The cost ratio at CSFB's institutional-securities unit jumped to 91.2%
in the second quarter, from 77.5% in the first. That compares with 74% at
Deutsche Bank and 76.6% at UBS's investment bank.
And good bankers are getting more expensive. Although pay scales and
bonuses vary widely, bankers estimate that new managing directors --
typically bankers with at least eight or nine years' experience -- can now
earn more than $1 million, or more than €800,000, annually,
including bonuses.
CSFB's net profit shrank to 430 million Swiss francs ($343.7 million or
€279.1 million) in the second quarter from 759 million francs in
the blowout first quarter.
The bank's wealth and asset-management unit more than doubled its bottom
line, helped by gains in its private-equity portfolio. But that good
performance masked the poor results at CSFB's other business, institutional
securities, where revenue plunged 22%, while expenses were just 8% lower
from the previous quarter. Profitability at the institutional-securities
division also plummeted, pushing down CSFB's return on average allocated
capital by half. The return on allocated capital measures profitability
generated on capital made available to CSFB by its parent group.

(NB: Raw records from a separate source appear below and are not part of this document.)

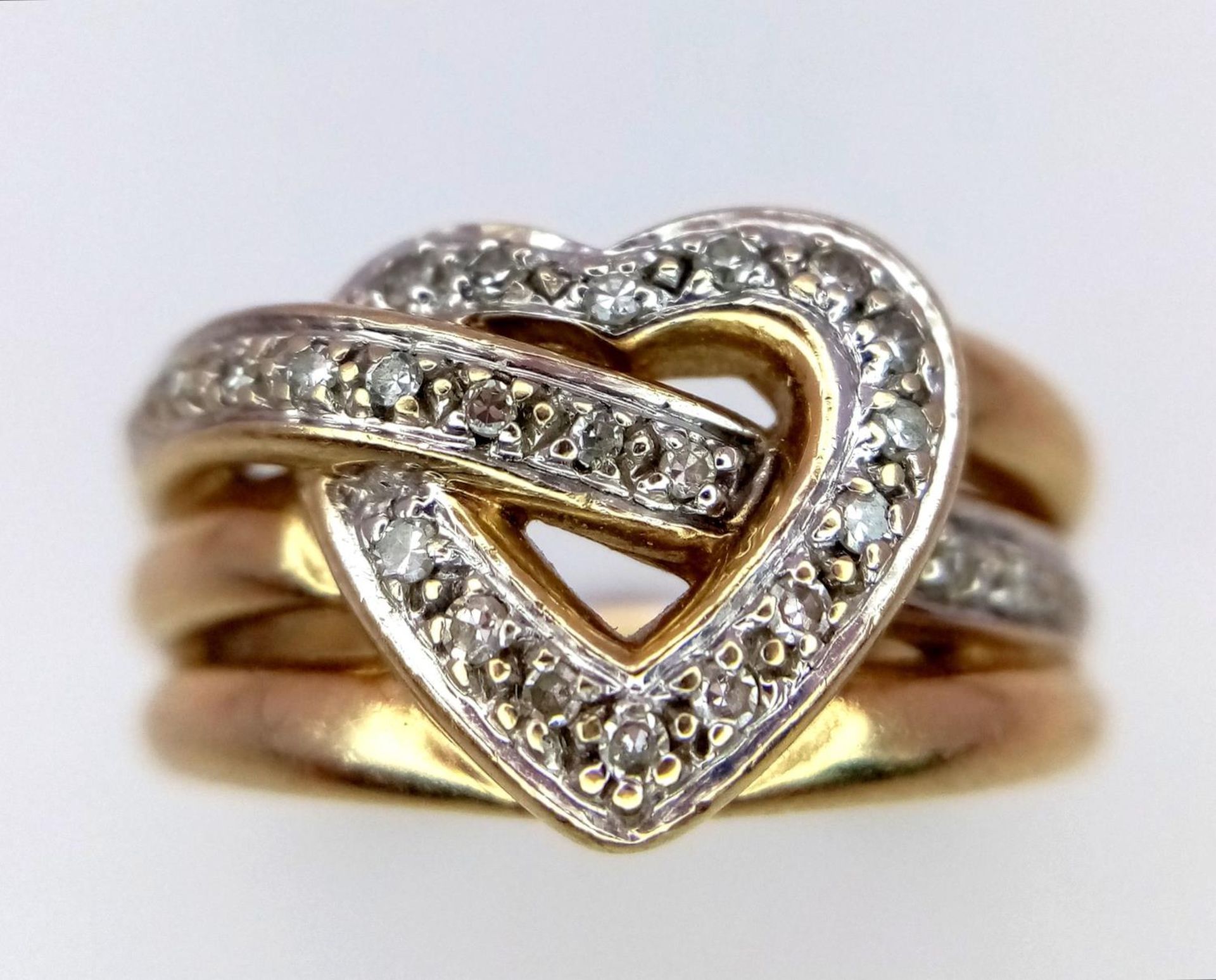 A 9K YELLOW GOLD DIAMOND SET HEART RING 5.6G SIZE M 1/2. SC 9096 - Bild 2 aus 5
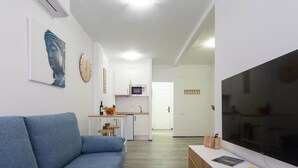 Living area - Apartment in Las Palmas Near Playa de Las Canteras (Las Palmas de Gran Canaria)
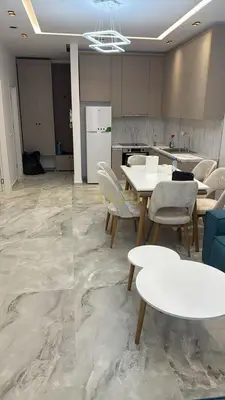 Appartamento 1+1 in affitto a Qendër, Durazzo, 105 m². Foto 3 di 9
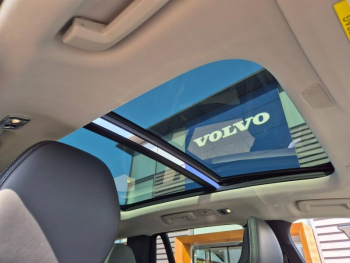 Photo 30 du bon plan VOLVO XC90 T8 AWD 303 + 87ch Inscription Luxe Geartronic occasion à 42490 €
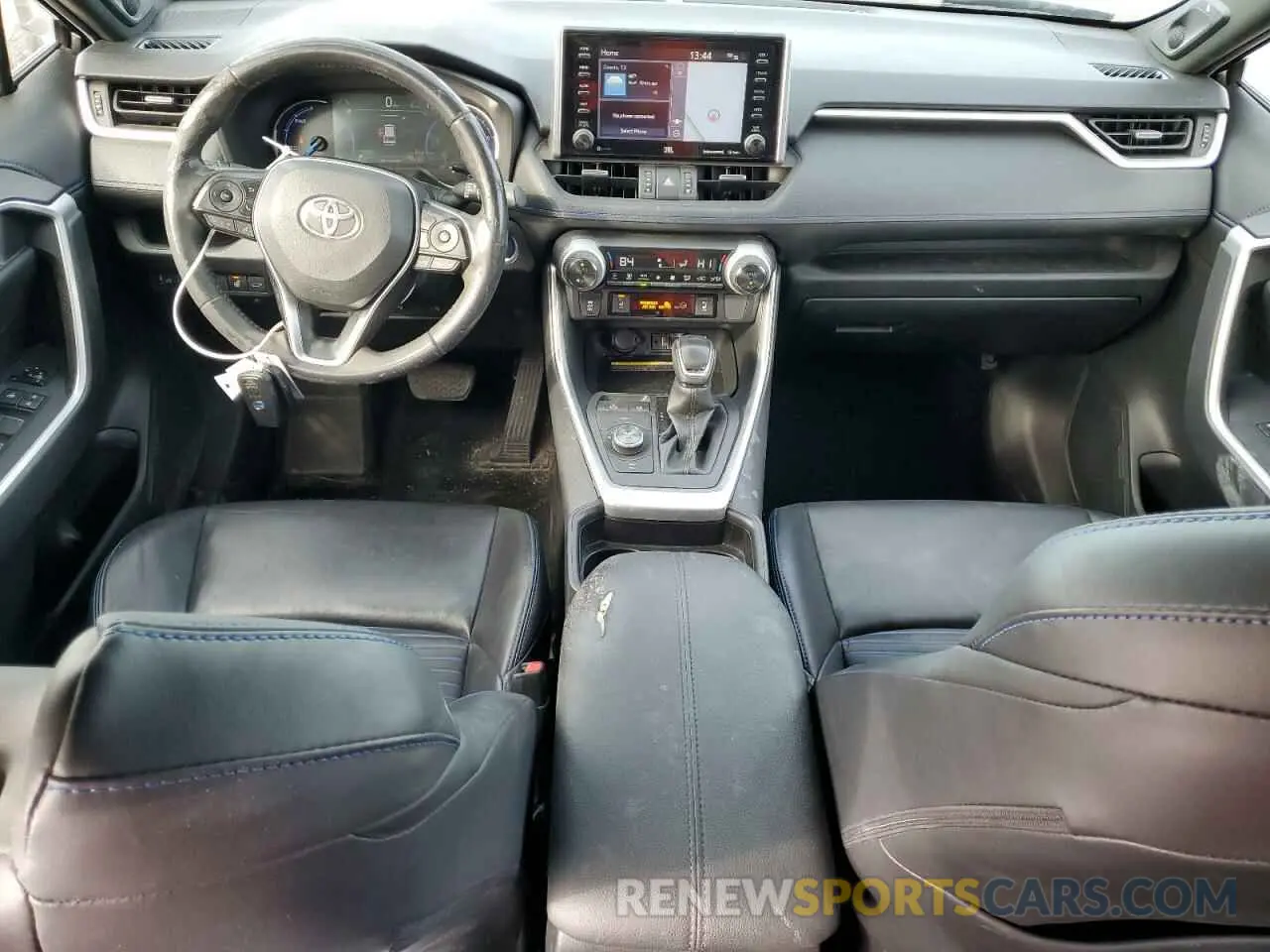 8 Фотография поврежденного автомобиля JTMEWRFV6KJ013084 TOYOTA RAV4 2019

CSFB said it is hiring "selectively." Analysts expect CSFB to ramp up
hiring of bankers in Europe and Asia, where the bank has pledged to expand
the successful parts of its franchise, such as mortgage-backed securities,
distressed debt and private equity.
But the bank will have to make investments at a time when CSFB itself
admits prices for "talent," or investment-banking professionals, are rising
rapidly.
"If you look at the investment-banking industry, you see more hiring
drove up prices, what you often see at the end of a bull market," Oswald
Gruebel, chief executive officer of Credit Suisse Group, said when the bank
reported second-quarter earnings.
CSFB management says that a substantial increase in its equity
capital-markets group and mergers-and-acquisitions expertise in the first
quarter is its most marked spate of hiring for this year.
Deutsche Bank says it is adding staff this year, but that its hiring is
selective.
UBS has spent the past two years carefully bulking up, in part by
poaching bankers from rival firms, though it also continues to hire
selectively. "What we accomplished in 2001 and 2002 was to attract triple-A
bankers, the deal makers of 1999 and 2000, who were miserable at their
firms, as they had been told to fire some of their best people, cut back
and write off loans," said Ken Moelis, co-head of UBS's investment-banking
operations. "You start to think, 'I'm up for doing something
else.' "
UBS, having already completed much of the hiring CSFB and Deutsche Bank
are now being forced to do, isn't planning any large-scale hiring for the
third and fourth quarters.
"In investment banking, we are focusing on putting more resources into a
strategic-solutions group, such as tax and restructuring expertise," said
Mr. Moelis.
Gerry Rawcliffe, managing director at Fitch Ratings in London, said
costs can start rising quickly if banks go after entire teams of bankers
and analysts, rather than individuals.
"Obviously the current employers of those teams will be bidding
relatively aggressively to keep them on board," Mr. Rawcliffe said. "But I
don't think there's any evidence that we will see an immediate return to
the excesses we saw in the 1990s."
CSFB's new CEO, Brady Dougan, said that though the investment bank wants
to level the playing field in terms of compensation, it won't offer
multiyear guarantees for external hires, as was common practice at CSFB in
the late 1990s. That practice, part of a free-spending culture at the bank,
prompted the now-departed Mr. Mack to make unflattering comparisons between
CSFB and a casino.
As part of its effort to control costs, CSFB says it won't lavish money
on its businesses that look set to be unprofitable over the long term.
"Certainly, we would be prepared to lose market share rather than hang
in there and kill ourselves," Mr. Gruebel said.